For more background: The organization requesting this software does not currently have a stable of third-party software suites that need integrating with. This software will replace all suites. There are also currently no outside consumers who need to access the data outside of the provided website interface -- all service calls will be from other pieces inside our system. The choice of SOA in this case seems entirely based on the concept of "preparation".
So my question -- what level of granularity is acceptable in a stable of services without sacrificing performance? Am I being too skeptical of the performance hits we'll take implementing all our entities as services? Should functionality be available as web services only when they are needed, with the "preparation" focus instead going into designing the business layer for the probability of services later being dropped on top of it?
First off, finding the "sweet spot" in the number of services is difficult for sure. Too many services, and your integration costs suffer, too few, and your implementation costs suffer. You have to find a good balance.
My advice to you is to follow Juval Lowy's methodology in that you should break down your services by areas of volatility, or areas of change. This will give you your granularity level. You should also read his WCF book if you can.
As for the performance, WCF will inherently support many thousands of calls per second depending on your use cases and hardware. Services calling services is not a problem. The platform will support it if you do your part. For example, use the right binding for the right scenario (named pipes to call services on the same machine and TCP to call services across machine where possible). You should also implement a vertical slice of the application and do performance testing before building the rest of the application. This will verify your architecture.
When I say "Service", I mean the complete vertical component that can perform a complete independent operation. And I don't prefer going in more granularity unless there is exceptional requirement. In my view of SOA, A service should perform the meaningful business function that can be independently performed. A service should not require another service to complete its function.
What level of granularity is acceptable in a stable of services without sacrificing performance?
Individual entities. As described by the consultant.

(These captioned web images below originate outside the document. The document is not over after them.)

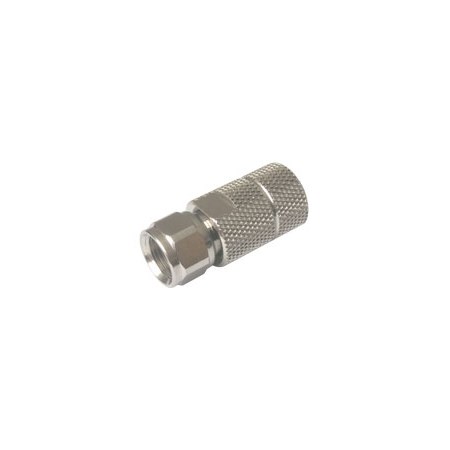 Connector F 10mm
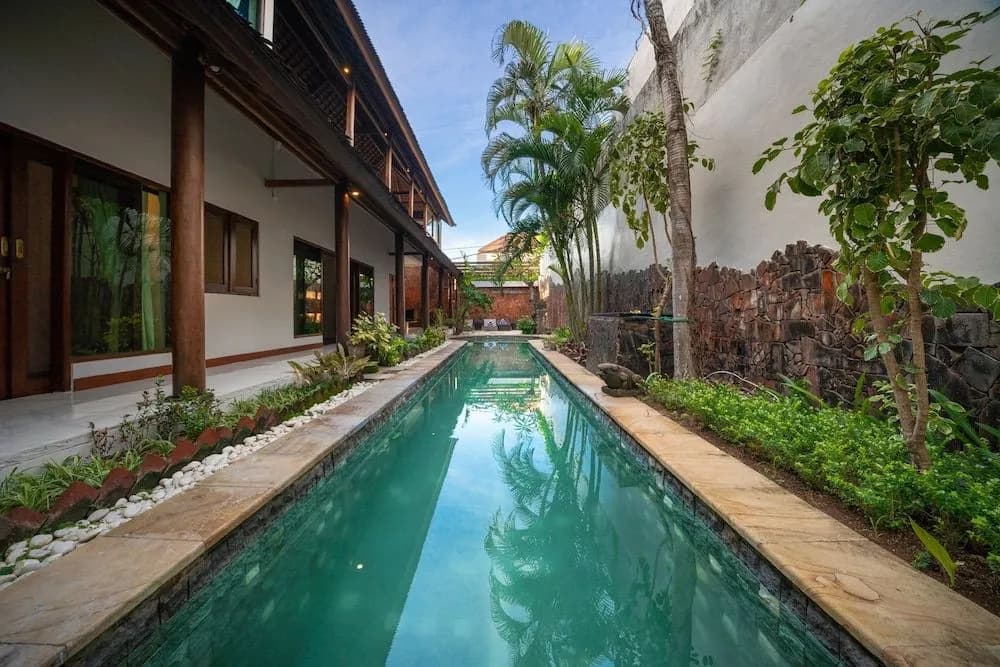 Villa Avatar - photo 31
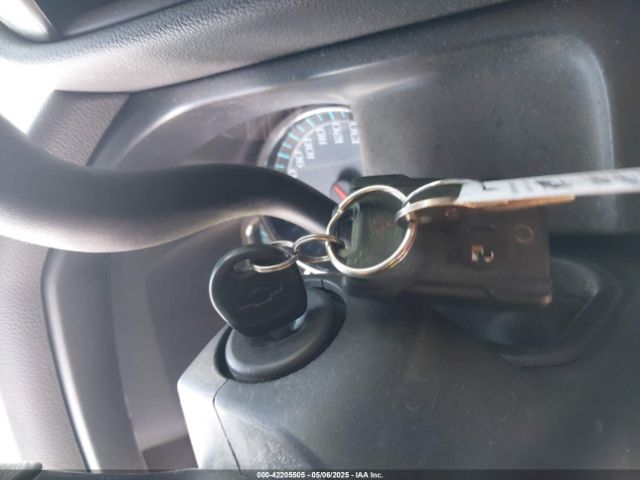 2GC2KSEGXK1220113 Chevrolet Silverado 2500hd Lt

Am I being too skeptical of the performance hits we'll take implementing all our entities as services?
Yes. Way too skeptical.
A decent framework can optimize some of these requests so that they don't involve a lot of network overheads.

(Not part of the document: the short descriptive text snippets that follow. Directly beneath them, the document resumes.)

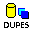 FuzzyDupes 2007 icon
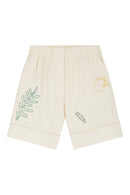 Short Quiwi Brod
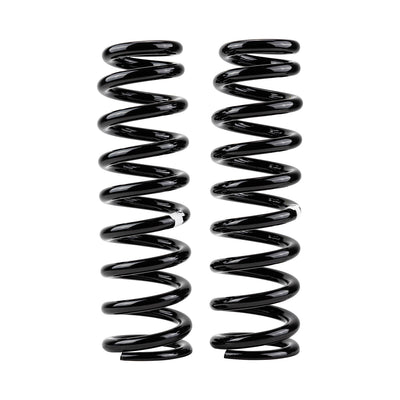 Front Coil Spring Set <br> 15-20 Chevrolet Colorado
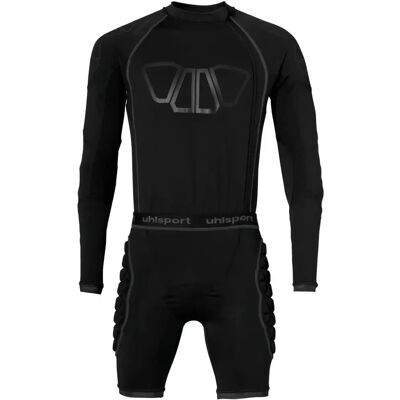UHLSPORT Black Edition Body Bionikframe - Sportswear UHLSPORT Black Edition Body Bionikframe - Sportswear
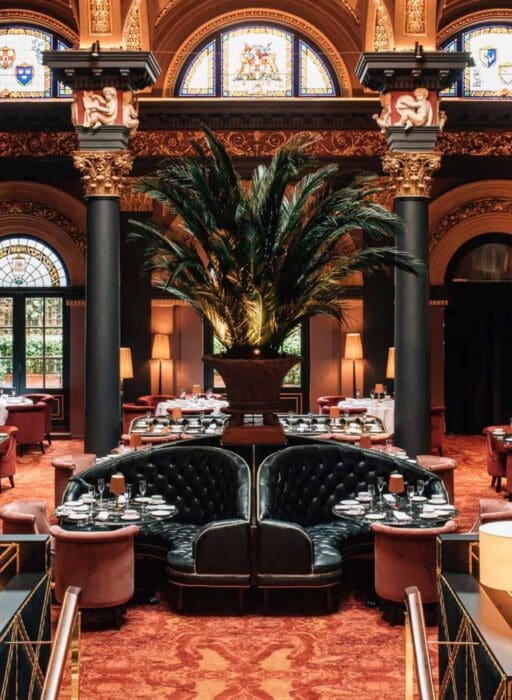 The Merchant Hotel Belfast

As with SQL databases, the problems are largely solved. You'll find that the underlying applications that you're presenting as services are the bottlenecks. The SOA layer is largely plumbing. The bits still need to move through the pipes, the SOA layer just organizes them more intelligently than most of the alternatives.
Should services only be implemented when they are needed, with the "preparation" focus instead going into designing the business layer for the probability of services later being dropped on top of it?
Yes.
That's what "Agile" means.
Find a user story. Build just the services (and entities) for that story.
You will have some significant overhead for the first few stories in getting your SOA framework all squared away and deployable as a simple, repeatable release step.
Never do extensive "preparation" for things you "may" need in some improbable future. Read up on Agile and how to prioritize a backlog.